One month after the U2 show, Peres told a high-level security conference in Israel that Jerusalem needed to return to the negotiating table to prevent Israel from becoming isolated internationally and “eaten demographically” because of its growing Arab population.

"If we do not start negotiating, Israel could become an Arab state.” he said. “This would be the end of the dream of a Jewish and democratic state."

Peres also praised Palestinian leader Mahmoud Abbas and said both Israelis and Palestinians needed to negotiate “without preconditions.”

That, to put it generously, hasn’t happened. Netanyahu has ignored President Barack Obama’s push for a settlement freeze; the Associated Press reported recently that work on 12,288 new housing units has started since Obama took office, including 1,195 in the first six months of 2016 alone. At that pace, almost as much construction will have taken place in the West Bank under Obama as had occurred under President George W. Bush.
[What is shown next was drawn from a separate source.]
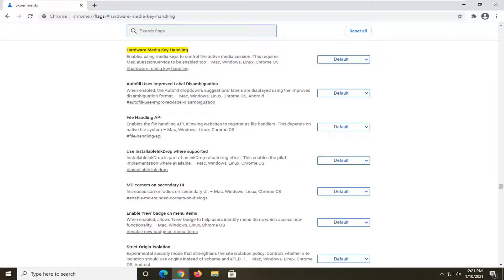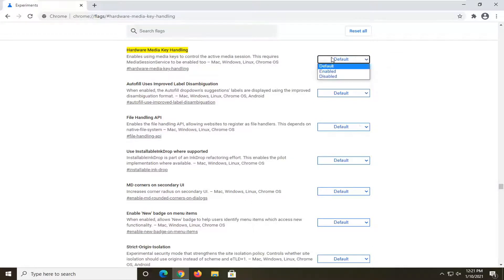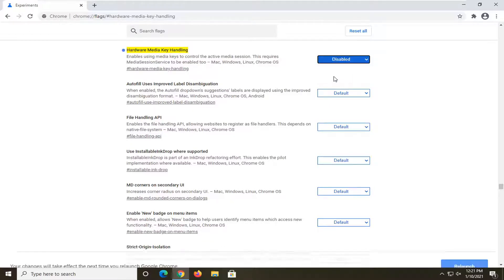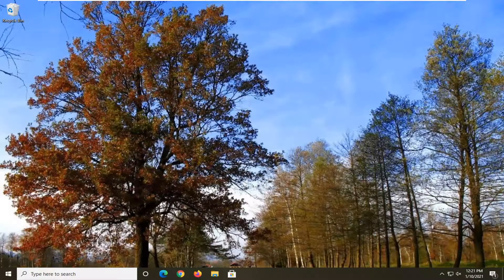Now that we are here, you want to go ahead and underneath hardware media key handling, click inside the drop down next to that value and select disabled. Once you're done with that, go ahead and select relaunch and there you go. Simple as that.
At last week’s United Nations General Assembly, Abbas accused Israel of committing numerous “atrocities” against his people, including destroying Palestinian homes and continuing to seize Palestinian land.

Abbas said he’d push for a UN Security Council resolution condemning Israeli settlement building in the West Bank and said, “We hope no one will cast a veto.” Washington has blocked such measures in the past, and it’s unclear that Obama — despite his chilly relationship with Netanyahu — would let one through this time around.

Netanyahu, for his part, told the diplomats that Jerusalem would reject a potential US effort to push through a Security Council resolution laying out so-called “parameters” for a final status deal between Israelis and Palestinians.

That’s precisely the kind of peace deal Peres had been pushing for, unsuccessfully, for the final decades of his life. He lived a long and productive life, helping to build Israel into a stable democracy with a flourishing economy and arguably the most powerful military in the Middle East. His dream of an Israel living peacefully alongside a Palestinian state remains unfulfilled. It’s hard to see it coming true anytime soon.